I'm working with the following DataFrame
:
url='https://raw.githubusercontent.com/108michael/ms_thesis/master/crsp.csv'
df=pd.read_csv(url)
df.head()
feccandid fec.dyn feccf cid date_crsp catcode amtsum
0 S8VT00018 NaN NaN N00000534 2005 J2100 2.1
1 S8VT00018 NaN NaN N00000534 2005 L1200 5.0
2 S8VT00018 NaN NaN N00000534 2005 J7300 0.0
4 S8NM00127 0.561 0.382 N00015616 2006 G2900 2.5
5 S8NJ00350 -0.329 NaN N00000854 2005 LG000 7.5
I would like to lag the amtsum
values by year. The following code shows how I derived amtsum
and provides insight into the nature of my desired outcome:
crsp['amtsum']=crsp[['date_crsp', 'cid', 'catcode', 'amount']].\
groupby(['date_crsp', 'catcode','cid']).amount.transform('sum')
crsp['amtsum'] = crsp['amtsum'] / 1000
crsp.drop(['amount'], axis=1, inplace=True)
crsp.drop_duplicates(inplace=True, keep='first')
I have tried using the following code to get lagged values:
crsp['amtsumlag.1']=crsp.groupby(['date_crsp','catcode', 'cid'])['amtsum'].shift(1)
This returns
feccandid fec.dyn feccf cid date_crsp catcode amtsum amtsumlag.1
0 S8VT00018 NaN NaN N00000534 2005 J2100 2.1 NaN
1 S8VT00018 NaN NaN N00000534 2005 L1200 5.0 NaN
2 S8VT00018 NaN NaN N00000534 2005 J7300 0.0 NaN
4 S8NM00127 0.561 0.382 N00015616 2006 G2900 2.5 NaN
5 S8NJ00350 -0.329 NaN N00000854 2005 LG000 7.5 NaN
Since my date_crsp
range is from 2005 to 2014 I expect to have NaN
for 2005 but not for 2006. I have also selected only dates after 2005 and got the same results. Does anyone have a clue on how to solve this problem?
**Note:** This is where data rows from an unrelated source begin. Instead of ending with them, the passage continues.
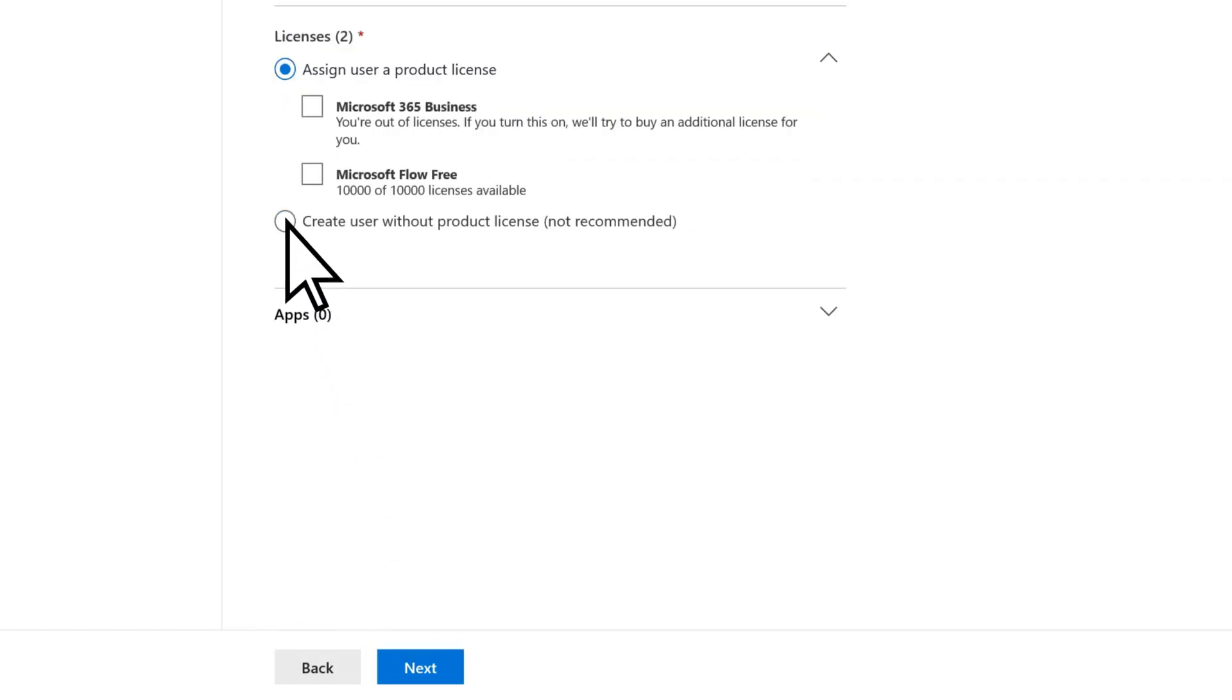Choose create this user without a product license. This adds a new user, but you don't have to pay for a monthly subscription for them. Select next.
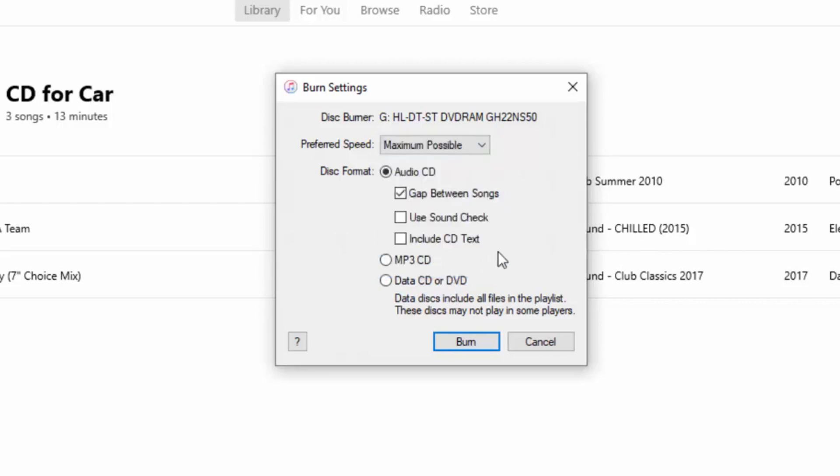It's saying do we want to create an audio CD? Yes. Most general CD players will play audio CDs. That's the best for compatibility. It says do we want a gap between songs? We can have a gap between songs. If we don't want a gap between songs, take the tick out there.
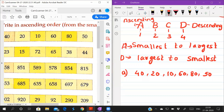The numbers are 40, 20, 10, 60, 80, 50. What is the smallest number? 10. So you place 10 first. Now look at the remaining numbers: 40, 20, 60, 80, 50. Which is the smallest now? 20.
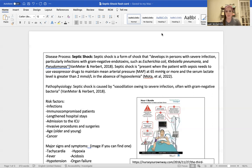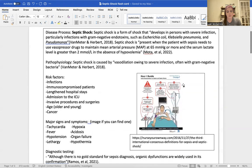Age is a big one. Normally we see it a lot in younger kids, babies, neonates, and then older elderly people. There are major signs and symptoms: tachycardia, fever, hypotension, lethargy, hypoxia, and then your later signs — acidosis, organ failure, hypothermia.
You need to look into your .groupby()
logic.
crsp.groupby(['date_crsp','catcode', 'cid']).size().value_counts()
results in
1 444508
2 5281
3 619
4 3
Most of the groups have only a single value, so there's not much to shift. Unsurprisingly,
crsp['amtsumlag.1'] = crsp.groupby(['catcode', 'cid', 'date_crsp'])['amtsum'].shift(1)
results in:
Data columns (total 8 columns):
feccandid 456939 non-null object
feccandcfscore.dyn 445710 non-null float64
feccandcfscore 355887 non-null float64
cid 456939 non-null object
date_crsp 456939 non-null int64
catcode 456939 non-null object
amtsum 456939 non-null float64
amtsumlag.1 6528 non-null float64
If you want to .shift()
by date_crsp
, for instance, you probably do not want to use it in .groupby()
- each group would then only contain a single year. One would expect to see unique group id
variables in .groupby()
, and ideally a DateTimeIndex
, or otherwise a sorted DataFrame
. So .sort_values('date_crsp')
might be a good idea.
crsp['amtsumlag.1'] = crsp.sort_values('date_crsp').groupby(['catcode', 'cid'])['amtsum'].shift(1)
instead yields:
feccandid 456939 non-null object
feccandcfscore.dyn 445710 non-null float64
feccandcfscore 355887 non-null float64
cid 456939 non-null object
date_crsp 456939 non-null int64
catcode 456939 non-null object
amtsum 456939 non-null float64
amtsumlag.1 301280 non-null float64
dtypes: float64(4), int64(1), object(3)
Without know the data enough to understand what identifies the groups you are trying to lag it's hard to provide a more specific answer.